The campaign features two identical photos of someone enjoying a fun activity: going on holiday, say, or eating out. The punchline is that we're told that one of them is getting the experience "on points" while the other isn't. The concept is that, if you have the right credit card, you can get these great experiences for free. 

Now, I can see that getting free stuff is a Good Thing in the abstract, but the reason that the campaign doesn't impress me is that the impression one gets from looking at the posters is that having the credit card makes no difference to one's life: one can eat gourmet food, enjoy adventurous holidays and smile a wide, white smile just as easily without the credit card as with it.
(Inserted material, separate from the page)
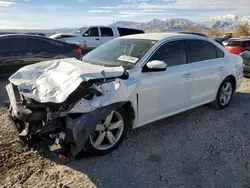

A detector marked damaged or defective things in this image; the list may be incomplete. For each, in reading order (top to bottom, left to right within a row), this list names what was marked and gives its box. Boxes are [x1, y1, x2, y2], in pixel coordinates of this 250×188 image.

crumpled hood [8, 58, 124, 103] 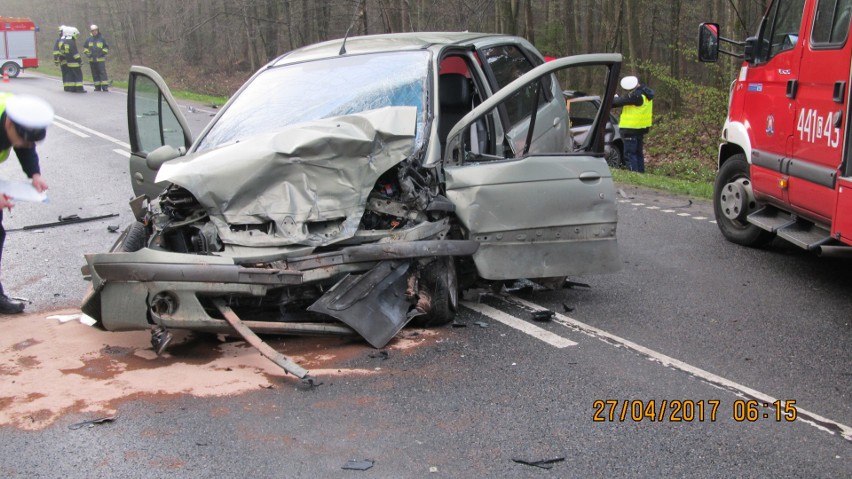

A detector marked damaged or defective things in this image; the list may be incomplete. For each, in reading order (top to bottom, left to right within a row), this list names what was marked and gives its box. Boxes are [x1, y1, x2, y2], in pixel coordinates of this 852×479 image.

crumpled hood [158, 105, 418, 248]
severely damaged car [83, 32, 624, 378]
I think it would have been better to show the same person in two different photos: in one, looking tired, despondent and stuck in their boring home because they've run out of money; and, in the second, looking delighted and enjoying brunch because they've got points to spend. The contrast here is with the Duracell bunny: consider how much less effective that advertising would have been if the other bunnies had continued to run because their batteries had been replaced - the point that Duracell gives you more power is far more vividly illustrated by the other bunnies dying.
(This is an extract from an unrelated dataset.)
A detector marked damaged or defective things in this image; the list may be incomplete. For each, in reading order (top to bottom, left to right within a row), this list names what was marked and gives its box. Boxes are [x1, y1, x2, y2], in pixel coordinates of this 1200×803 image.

But I don't want to talk about the advertising of consumer goods and services. Instead, I want to talk about the advertising of political ideas. 

Political ideas - and I'm using that phrase in a pretty broad sense - tend to have two components: (1) what the Powers that Be (or Should Be) ought to Do About It All and (2) the wonderful things that will result from them doing it - the Promised Land that awaits. So, for example, the proletariat ought to throw off the shackles of bourgois oppression via revolution (component (1)) and, if they do, a glorious egalitarian communist age will be ushered in (component (2)). 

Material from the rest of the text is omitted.